Datarax provides utilities for distributed training that leverage JAX's powerful distributed computing capabilities. These utilities allow for:

Data-parallel training across multiple devices
Model-parallel training for large models
Hybrid parallelism combining both approaches
Distributed metrics collection and aggregation

Distributed Components¤

Datarax exposes distributed training helpers through three groups of APIs: a mesh manager, data-parallel functions, and metrics functions.
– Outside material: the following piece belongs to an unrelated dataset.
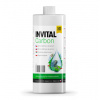 INVITAL Carbon 500 ml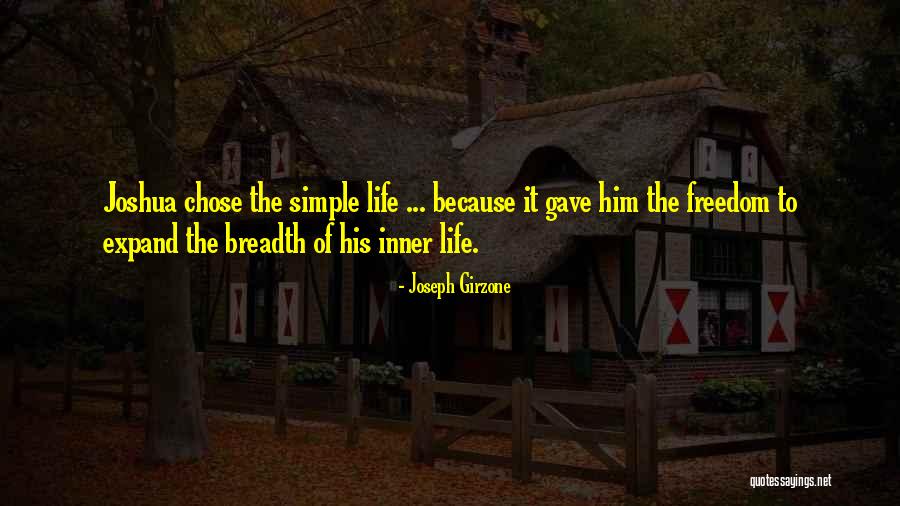 Yolumuz Yol Quotes By Joseph Girzone Yolumuz Yol Quotes By Joseph Girzone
All of them are importable from datarax.distributed.

DeviceMeshManager¤

DeviceMeshManager handles JAX device mesh creation and management through static methods (no instance is required):

from datarax.distributed import DeviceMeshManager

# Create a data-parallel mesh
mesh = DeviceMeshManager.create_data_parallel_mesh()
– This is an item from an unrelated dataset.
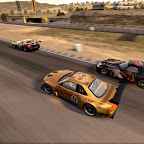 Nissan / Skyline R34 Nissan_SkylineR34_007.jpg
# Or create a model-parallel mesh
model_mesh = DeviceMeshManager.create_model_parallel_mesh(num_devices=4)

# Or create a hybrid mesh
hybrid_mesh = DeviceMeshManager.create_hybrid_mesh(
    data_parallel_size=2,
    model_parallel_size=4,
)

# Get information about the mesh
mesh_info = DeviceMeshManager.get_mesh_info(mesh)
print(f"Mesh info: {mesh_info}")

Data-parallel functions¤

The data-parallel functions build sharding specifications and place data and model state across devices:

from datarax.distributed import (
    DeviceMeshManager,
    create_data_parallel_sharding,
    place_batch_on_shards,
    place_model_state_on_shards,
    reduce_gradients_across_devices,
)

# Create a data-parallel mesh
mesh = DeviceMeshManager.create_data_parallel_mesh()

# Create sharding specification for data parallelism
sharding = create_data_parallel_sharding(mesh)

# Shard a batch across devices
sharded_batch = place_batch_on_shards(batch, sharding)

# Shard model state across devices (replicated by default)
sharded_state = place_model_state_on_shards(state, mesh)

# Reduce gradients across devices (only valid inside pmap/shard_map)
reduced_grads = reduce_gradients_across_devices(gradients, reduce_type="mean")

Metrics functions¤

The metrics functions aggregate values across devices. Two variants are provided:

SPMD functions (reduce_mean, reduce_sum, reduce_custom, ...) operate on global arrays and work inside nnx.jit with an active mesh. They take no axis_name.
Collective functions (reduce_mean_collective, reduce_sum_collective, all_gather) use lax.p* collectives and are only valid inside a pmap or shard_map context. They accept an axis_name.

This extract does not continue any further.